By Catrina Petersen | The Center Square
More than 140,000 Illinois government-sector workers and retirees received more than $100,000 in annual compensation in 2023, according to a new report from Wirepoints.
Wirepoints President Ted Dabrowski said Illinois residents are forced to pay the nation’s highest property taxes, and one of the highest tax burdens overall, to fund the $100,000-plus government salaries and pensions of the public sector. Dabrowski explained how taxpayers paying these large salaries for a growing number of government workers is unsustainable.

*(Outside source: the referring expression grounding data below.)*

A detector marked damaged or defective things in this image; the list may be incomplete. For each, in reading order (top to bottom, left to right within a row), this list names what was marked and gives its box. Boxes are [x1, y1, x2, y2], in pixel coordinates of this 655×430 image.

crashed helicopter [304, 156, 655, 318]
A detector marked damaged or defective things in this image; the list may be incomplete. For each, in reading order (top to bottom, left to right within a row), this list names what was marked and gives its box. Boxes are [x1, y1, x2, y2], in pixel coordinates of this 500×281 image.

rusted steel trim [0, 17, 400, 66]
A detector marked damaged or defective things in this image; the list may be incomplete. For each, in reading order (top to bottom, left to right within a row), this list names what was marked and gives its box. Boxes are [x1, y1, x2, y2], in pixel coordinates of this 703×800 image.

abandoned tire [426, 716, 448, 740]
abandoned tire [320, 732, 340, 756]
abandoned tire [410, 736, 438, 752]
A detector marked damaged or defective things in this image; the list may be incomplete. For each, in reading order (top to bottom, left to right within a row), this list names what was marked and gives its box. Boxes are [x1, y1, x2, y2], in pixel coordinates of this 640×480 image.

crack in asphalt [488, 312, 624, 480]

“The bigger the divide gets between the government sector, which has pension guarantees, the Constitutional protections of Amendment 1, guaranteed labor contracts, guaranteed raises … they get all that. The private sector doesn’t get any of those kinds of protections, and yet they have to pay higher and higher taxes to pay for the government class. We’re creating two classes of workers: one that’s protected and one that’s not,” said Dabrowski.

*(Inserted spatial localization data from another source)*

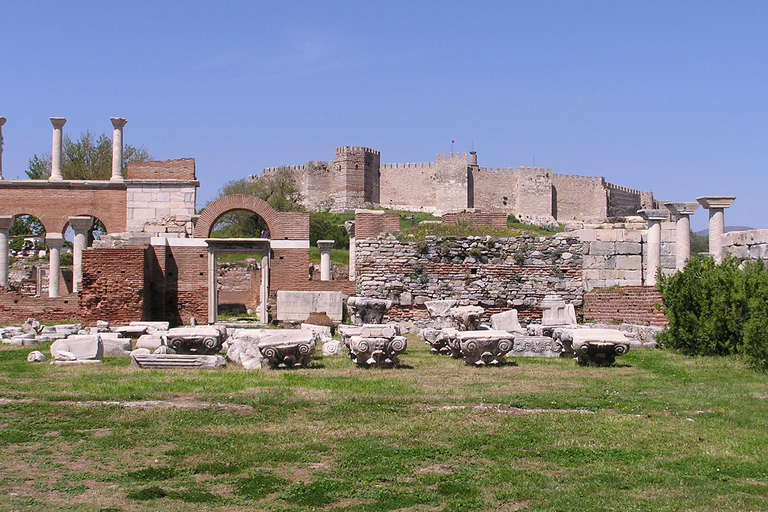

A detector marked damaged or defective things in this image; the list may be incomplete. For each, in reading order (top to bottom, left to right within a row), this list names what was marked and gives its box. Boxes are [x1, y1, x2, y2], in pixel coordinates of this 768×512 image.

broken marble slab [129, 352, 224, 368]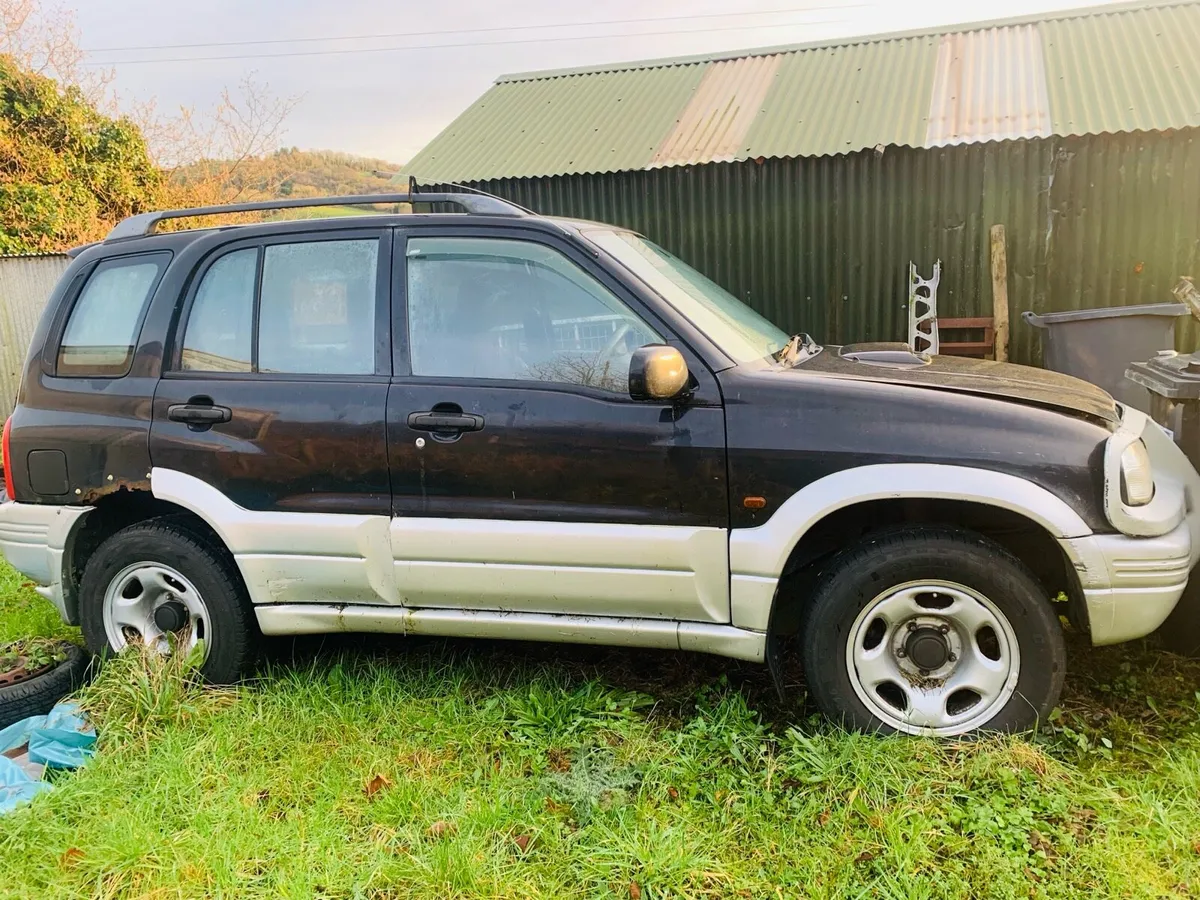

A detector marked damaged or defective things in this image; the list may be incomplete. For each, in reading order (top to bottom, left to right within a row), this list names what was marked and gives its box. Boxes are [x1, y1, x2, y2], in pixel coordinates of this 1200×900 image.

rusty metal roof panel [652, 55, 782, 169]
rusty metal roof panel [739, 35, 936, 160]
rusty metal roof panel [926, 24, 1051, 147]
rusty metal roof panel [1041, 0, 1200, 135]
damaged front bumper [1060, 405, 1200, 643]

Dabrowski said public school superintendents have the biggest share of the taxpayer funded pie. According to Wirepoints, there are 56,000 teachers and administrators in Illinois schools who are getting a pension or salary over $100,000.
“Kevin Nohelty, the current superintendent of Dolton SD 148, receives almost a half million a year to run a school district where just 14% of students can read at grade level. Those big, big salaries turn into big, big pensions. You’ve got Lawrence Wyllie of Lincoln-Way and his pension is almost $400,000,” said Dabrowski.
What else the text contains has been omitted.